Il résolut donc de quitter Anvers et de rejoindre l'armée, laissant au nain tout le travail des recherches. Celui-ci avait juré d'ailleurs de ne pas quitter Anvers avant d'avoir retrouvé soit Vilers, soit sa tombe.

—Écoute, dit Tony, continue à chercher. Fouille toutes les maisons. Explore tous les villages. Mais si, dans quinze jours, tu n'as rien appris, viens quand même me rejoindre au camp. Là nous aviserons. Moi, de mon côté, peut-être saurai-je quelque chose. Il est possible que le marquis, se cachant comme autrefois, ait suivi l'armée. Peut-être à la première bataille, le verrons-nous apparaître et combattre à nos côtés... Peut-être même surveillait-il Maurevailles et Lacy et se montrera-t-il en apprenant leur départ...

—Ce n'est pas impossible, cela, dit le nain

—Enfin, nous verrons. Seulement, je te recommande une chose: ne bois pas trop...

—Oh! par exemple!...

—Tu avais, ce me semble, cette réputation à Blérancourt.

—Eh bien, faut-il être franc? Je ne l'avais pas tout à fait volée. Mais convenez que tout sert en ce monde.

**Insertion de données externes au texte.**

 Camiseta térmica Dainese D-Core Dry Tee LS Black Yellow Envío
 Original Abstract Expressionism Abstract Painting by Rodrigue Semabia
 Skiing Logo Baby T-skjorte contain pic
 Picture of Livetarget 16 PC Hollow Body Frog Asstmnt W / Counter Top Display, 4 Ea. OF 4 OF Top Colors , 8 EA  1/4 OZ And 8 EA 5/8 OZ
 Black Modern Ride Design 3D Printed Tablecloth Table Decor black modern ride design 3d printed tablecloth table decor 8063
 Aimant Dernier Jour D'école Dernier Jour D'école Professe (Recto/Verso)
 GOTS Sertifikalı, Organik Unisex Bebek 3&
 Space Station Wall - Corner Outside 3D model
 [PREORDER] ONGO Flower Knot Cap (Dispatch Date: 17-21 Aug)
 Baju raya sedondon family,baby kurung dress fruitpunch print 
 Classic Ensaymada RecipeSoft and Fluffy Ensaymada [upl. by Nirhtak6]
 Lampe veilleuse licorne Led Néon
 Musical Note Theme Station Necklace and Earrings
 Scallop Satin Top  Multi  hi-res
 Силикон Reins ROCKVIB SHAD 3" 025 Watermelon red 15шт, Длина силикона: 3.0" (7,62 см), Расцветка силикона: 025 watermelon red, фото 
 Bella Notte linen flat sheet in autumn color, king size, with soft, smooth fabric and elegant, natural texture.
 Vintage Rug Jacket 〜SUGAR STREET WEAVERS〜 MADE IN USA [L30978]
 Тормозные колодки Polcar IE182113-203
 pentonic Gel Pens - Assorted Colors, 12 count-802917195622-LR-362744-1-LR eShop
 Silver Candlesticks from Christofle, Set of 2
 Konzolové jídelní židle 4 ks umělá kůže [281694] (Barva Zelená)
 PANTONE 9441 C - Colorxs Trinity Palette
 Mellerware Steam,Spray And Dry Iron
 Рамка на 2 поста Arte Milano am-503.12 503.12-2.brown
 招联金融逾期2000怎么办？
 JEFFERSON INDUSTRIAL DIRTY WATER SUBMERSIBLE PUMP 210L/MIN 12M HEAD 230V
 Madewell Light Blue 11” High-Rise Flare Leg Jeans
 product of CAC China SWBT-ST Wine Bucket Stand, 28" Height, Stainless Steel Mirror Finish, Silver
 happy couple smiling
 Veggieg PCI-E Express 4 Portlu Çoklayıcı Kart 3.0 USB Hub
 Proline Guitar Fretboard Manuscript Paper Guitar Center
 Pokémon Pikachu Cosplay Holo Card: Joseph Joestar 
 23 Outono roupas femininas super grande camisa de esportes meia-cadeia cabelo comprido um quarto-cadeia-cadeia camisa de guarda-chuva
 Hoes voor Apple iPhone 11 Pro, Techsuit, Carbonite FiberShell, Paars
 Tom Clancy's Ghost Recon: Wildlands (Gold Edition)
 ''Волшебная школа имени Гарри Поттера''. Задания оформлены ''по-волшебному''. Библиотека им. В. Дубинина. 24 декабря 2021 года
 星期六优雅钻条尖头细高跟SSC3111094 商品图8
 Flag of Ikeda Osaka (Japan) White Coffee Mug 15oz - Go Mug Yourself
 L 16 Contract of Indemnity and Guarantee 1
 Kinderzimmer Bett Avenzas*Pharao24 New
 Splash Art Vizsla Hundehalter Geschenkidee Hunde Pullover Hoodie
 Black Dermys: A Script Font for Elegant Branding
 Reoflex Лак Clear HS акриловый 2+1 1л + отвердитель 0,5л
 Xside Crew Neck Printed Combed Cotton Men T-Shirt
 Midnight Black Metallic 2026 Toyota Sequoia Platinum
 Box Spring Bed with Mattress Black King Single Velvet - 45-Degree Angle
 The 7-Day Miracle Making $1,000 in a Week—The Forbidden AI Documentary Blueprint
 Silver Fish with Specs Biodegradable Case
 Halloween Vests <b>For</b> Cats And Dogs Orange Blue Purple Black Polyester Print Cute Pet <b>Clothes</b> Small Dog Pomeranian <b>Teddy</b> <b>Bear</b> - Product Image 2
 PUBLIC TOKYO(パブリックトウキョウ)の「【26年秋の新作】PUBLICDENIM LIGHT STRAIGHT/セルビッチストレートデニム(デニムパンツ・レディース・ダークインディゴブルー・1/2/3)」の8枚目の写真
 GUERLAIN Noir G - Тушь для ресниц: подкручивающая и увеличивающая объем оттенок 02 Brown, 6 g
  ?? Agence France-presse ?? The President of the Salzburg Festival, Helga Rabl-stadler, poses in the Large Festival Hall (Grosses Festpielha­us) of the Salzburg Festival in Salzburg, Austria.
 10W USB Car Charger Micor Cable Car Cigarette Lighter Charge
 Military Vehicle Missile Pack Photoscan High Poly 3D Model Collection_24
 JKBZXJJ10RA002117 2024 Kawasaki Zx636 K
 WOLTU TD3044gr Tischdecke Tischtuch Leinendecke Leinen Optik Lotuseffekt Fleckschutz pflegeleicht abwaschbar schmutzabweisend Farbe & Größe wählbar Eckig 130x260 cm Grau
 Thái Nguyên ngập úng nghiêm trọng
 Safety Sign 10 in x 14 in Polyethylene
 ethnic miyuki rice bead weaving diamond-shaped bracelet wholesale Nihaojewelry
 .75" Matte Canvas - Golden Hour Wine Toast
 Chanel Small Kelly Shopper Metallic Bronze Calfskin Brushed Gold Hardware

Si je n'avais pas eu soif, vous aurais-je retrouvé?

—C'est juste, dit Tony en souriant; mais enfin, le même moyen ne peut pas toujours être bon.

Le lendemain, Tony, suivi de son inséparable mame Toinon, se présentait au camp français, où il se faisait reconnaître par le marquis de Langevin d'abord, puis par le maréchal de Saxe.